DATASET CONTENT:
────────────────────────────────────────
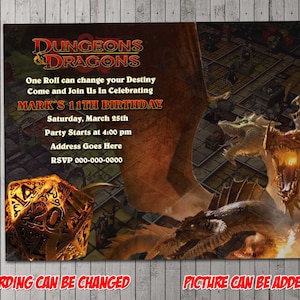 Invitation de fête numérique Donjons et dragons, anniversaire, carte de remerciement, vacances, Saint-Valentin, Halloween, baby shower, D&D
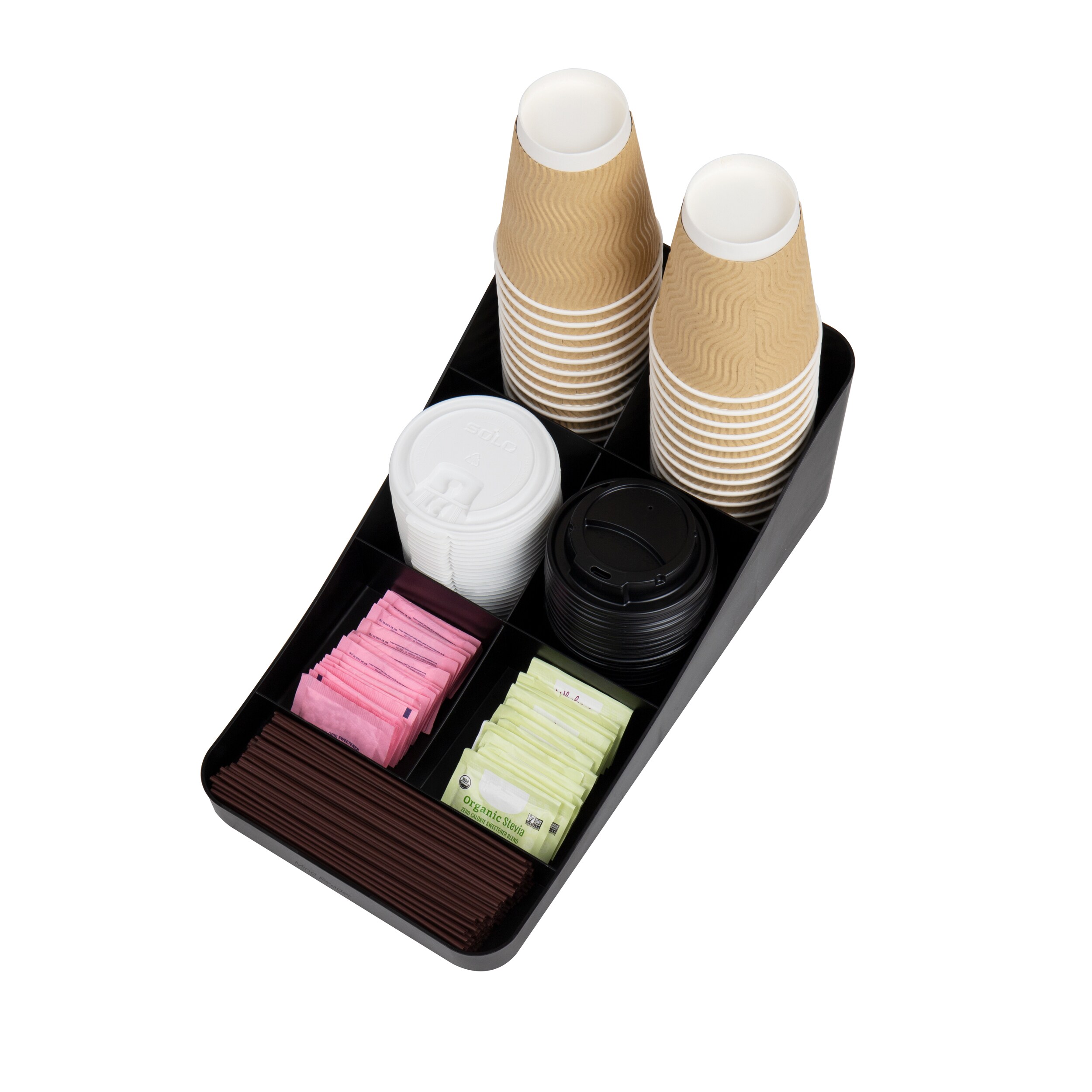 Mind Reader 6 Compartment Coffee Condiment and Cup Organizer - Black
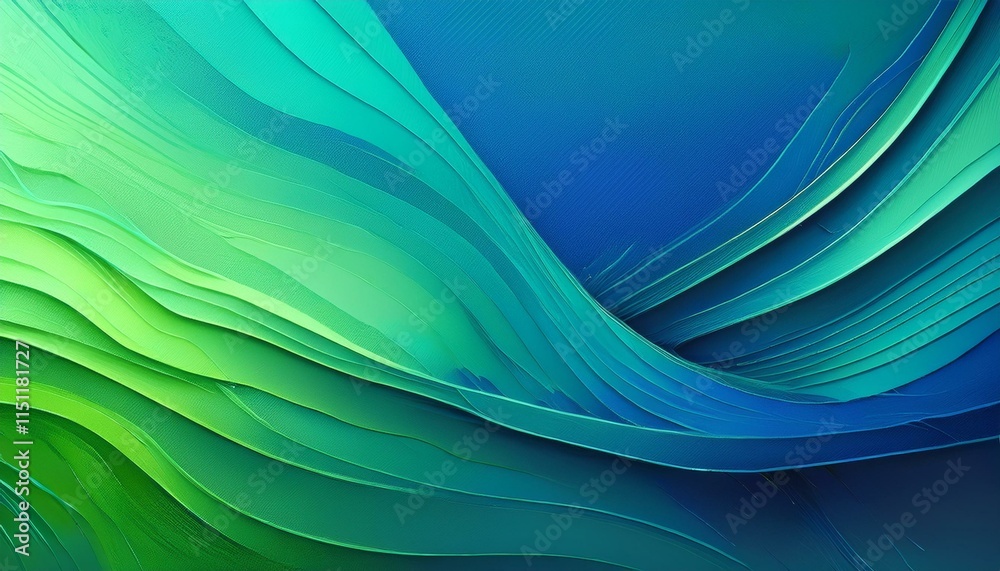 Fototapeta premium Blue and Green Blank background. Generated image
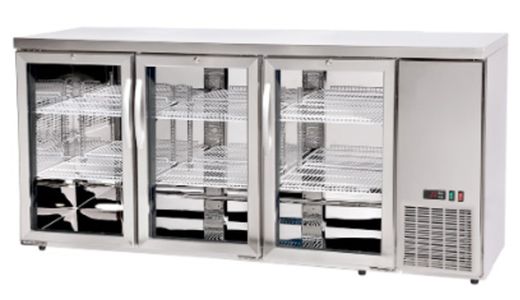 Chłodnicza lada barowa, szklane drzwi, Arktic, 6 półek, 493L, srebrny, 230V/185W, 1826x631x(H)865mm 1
────────────────────────────────────────
Starting with the first line of the data above and ending with the line containing "Fototapeta premium Blue", please restate every line exactly, leaving images out.

EXERCISE ANSWER:
 Invitation de fête numérique Donjons et dragons, anniversaire, carte de remerciement, vacances, Saint-Valentin, Halloween, baby shower, D&D
 Mind Reader 6 Compartment Coffee Condiment and Cup Organizer - Black
 Fototapeta premium Blue and Green Blank background. Generated image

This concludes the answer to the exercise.